L’homme qui a abandonné ses illusions voit bien les limites et les désordres de l'existence mais il les accepte. Il continue fidèlement à travailler "parce que le sens du devoir trouve en soi sa justification". Dans une telle détermination exigeant discipline et renoncement se parachève la personnalité. La personne peut alors accéder à une supériorité qui lui permet d’être un repère pour d’autres.
L’homme éprouve progressivement le sentiment de l’éphémère et cette expérience s'accélère quand la sensation de répétition s’accentue. En même temps les perceptions s’atténuent, les événements "deviennent plus faibles". Si la personne résiste à cette crise du détachement elle s’accrochera à la vie et aux choses matérielles en refusant de vieillir. L'affirmation de soi peut tourner à l’obstination tyrannique où la personne se pense toujours importante. Qui apprend à accepter la fin autrement que comme un déclin ou une dévaluation surmontera l’envie éprouvée devant la jeunesse et connaîtra le courage et la sérénité.
Alors le vieillard devient un sage "qui sait ce qu’il en est de la fin et l’accepte". Il ne perçoit plus seulement l’éphémère mais aussi l'éternel et sait faire la différence entre l’essentiel et le futile. Les performances et la lutte perdent de l’importance à ses yeux ; en revanche son rayonnement peut augmenter. Avec l’entrée dans l’âge de la vieillesse commence une étape qui montre la dégénérescence - comme parachèvement ou comme ruine. La personne sénile expérimente la diminution des forces physiques, mentales et spirituelles. Elle peut y être indifférente et se fixer et se limiter aux besoins matériels ; ou bien par un sentiment de menace se développera en elle une irritation méfiante. La personne très âgée dépend de l’aide et de la patience de son entourage. Si elle admet ce qui ne peut être changé elle peut rayonner une douce bonté et devenir une bénédiction. C’est alors qu’elle entre dans l’ars moriendi, l’art de mourir.

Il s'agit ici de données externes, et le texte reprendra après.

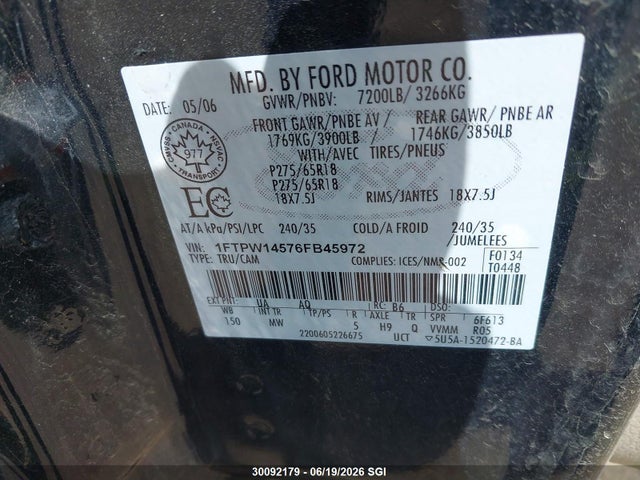 Aukcja sprzedaży 2006 Ford F150 Supercrew, vin: 1FTPW14576FB45972, numer aukcji: 30092179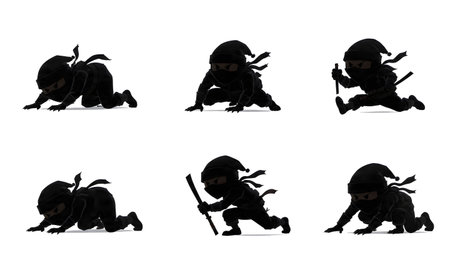 Stealthy Ninja Santa Claus Silhouette Vector Set isolated on plain white background.のイラスト素材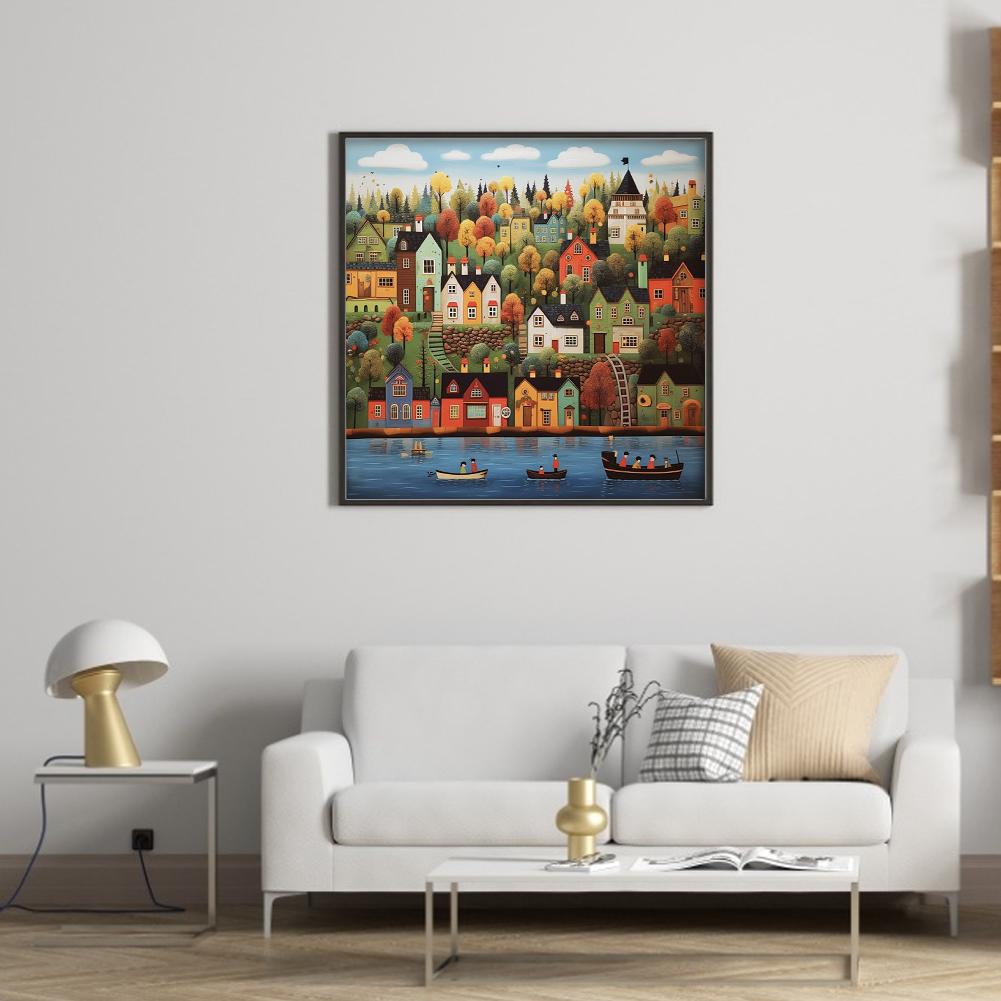 Colorful Houses 14CT 2 Strands DIY Counted Cross Stitch Kits for Beginners Adults Home Decor Needlework Embroidery Kit 50x50cm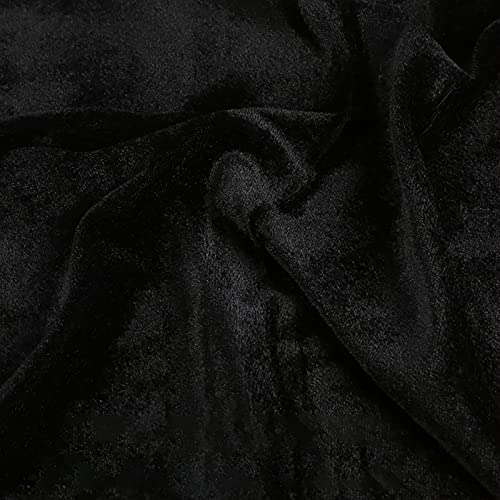 Yimihua Samtstoff Zerkleinerter Veloursstoff 160cm breit Stretchmaterial Craft Stretch Verdicktes Flanell Dekostoff verkauft von 1 Meter(Color:Schwarz)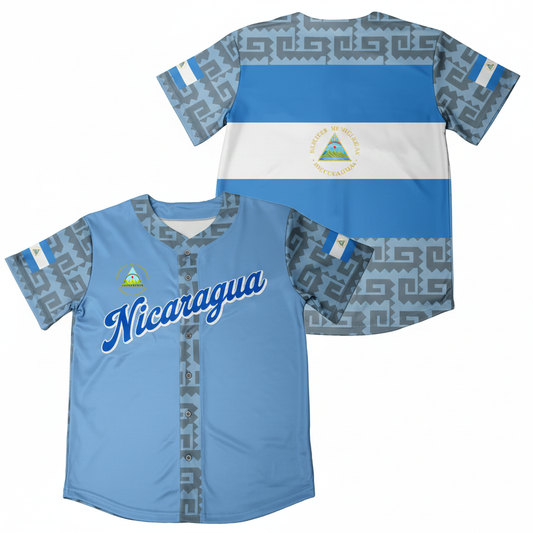 Nicaragua Flag Baseball Jersey - National Shield & Tribal Pattern - Customizable Name/Number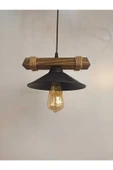 avizemguzel Avızem Güzel Nova Ahşap Rustik Modern Halatlı Tekli Sarkıt Avize - 5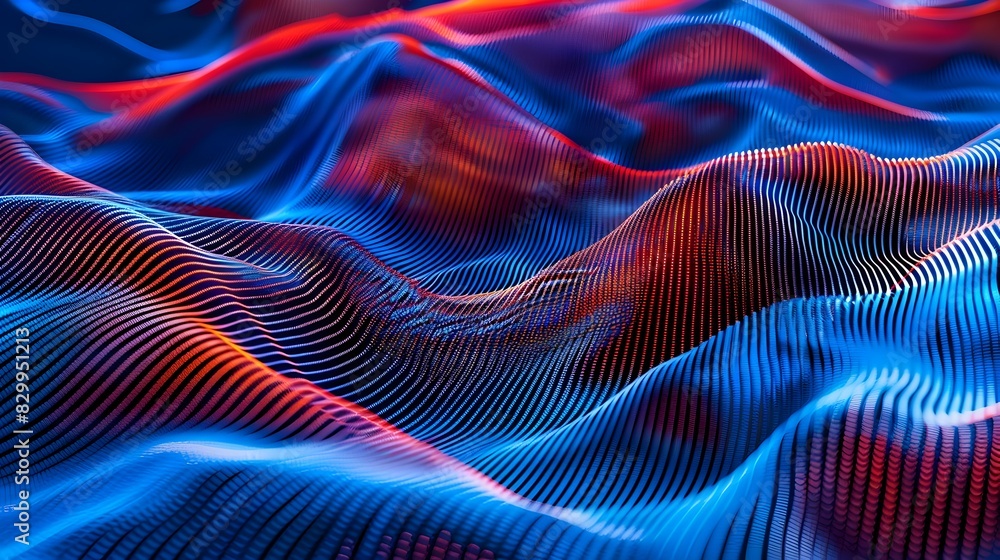 Poster dynamic waves of vibrant digital abstraction and flowing geometry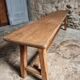Vintage oak bench, solid wood dining bench, rustic farmhouse bench, French country style, circa 1950–1965.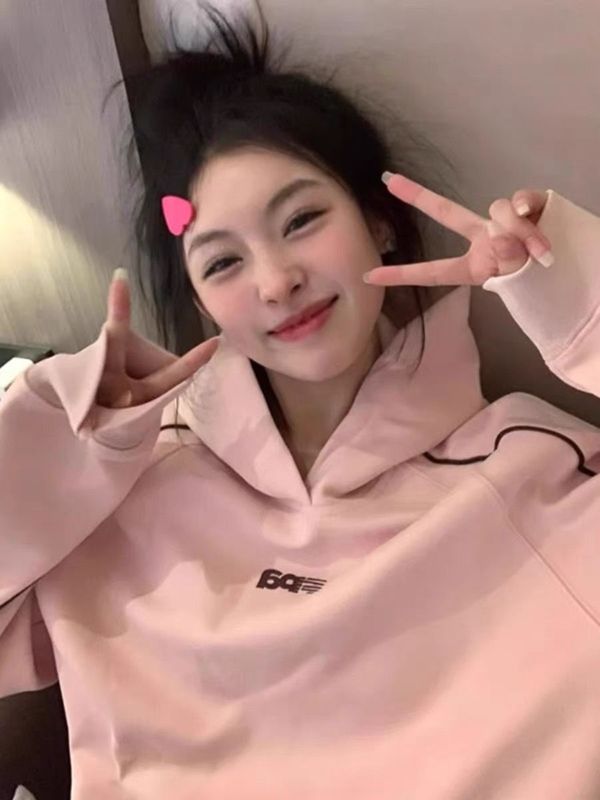 粉色连帽卫衣女春秋季2025新款秋冬chic慵懒美式高街oversize外套|undefined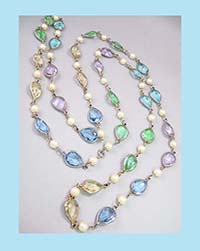 Beauty in Pastel and Glass Pearls Sautoir Necklace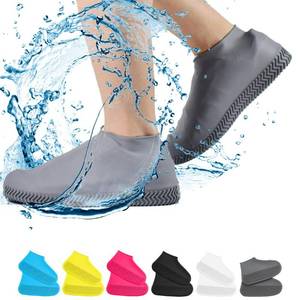 lot 649 image: Waterproof Shoe Covers, Non-Slip Water Resistant Overshoes Silicone Rubber Rain Shoe Cover Protectors for Kids, Men, Women (Small, Gray) - Retail $12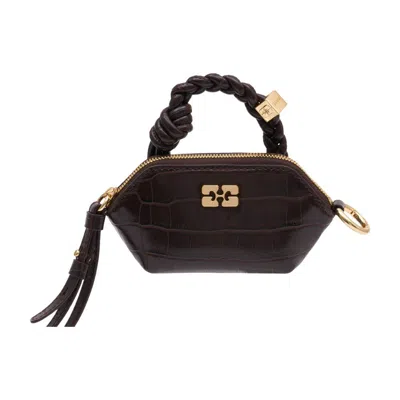 Ganni Bou Nano Croco Purse In Black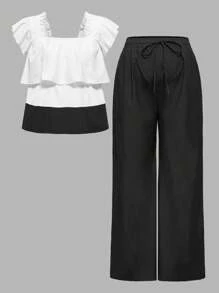 SHEIN 2 piezas Conjunto de Maternidad: Top casual con mangas con volantes y pantalones de unicolor con cordón - Negro - Ver 1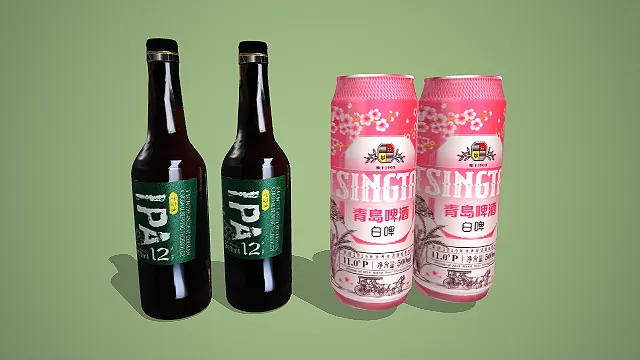 啤酒包装 3D 模型（IPA 瓶装 + 青岛白啤罐装）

Toute partition de la vie en étapes est trop schématique, souligne Guardini, mais un schéma aide à comprendre. L’existence reste un tout indivisible. En outre l’auteur analyse les âges de la vie à partir de lui, dans une perspective masculine ; le regard d’une femme pourrait avantageusement compléter. Pour ces deux motifs, la tentative entreprise ici de résumer sa pensée est une entreprise limitée, risquant de prêter à malentendus. Si ces lignes éveillent le désir de se plonger dans le livre et de réfléchir aux différents âges de la vie, cette esquisse aura rempli son office.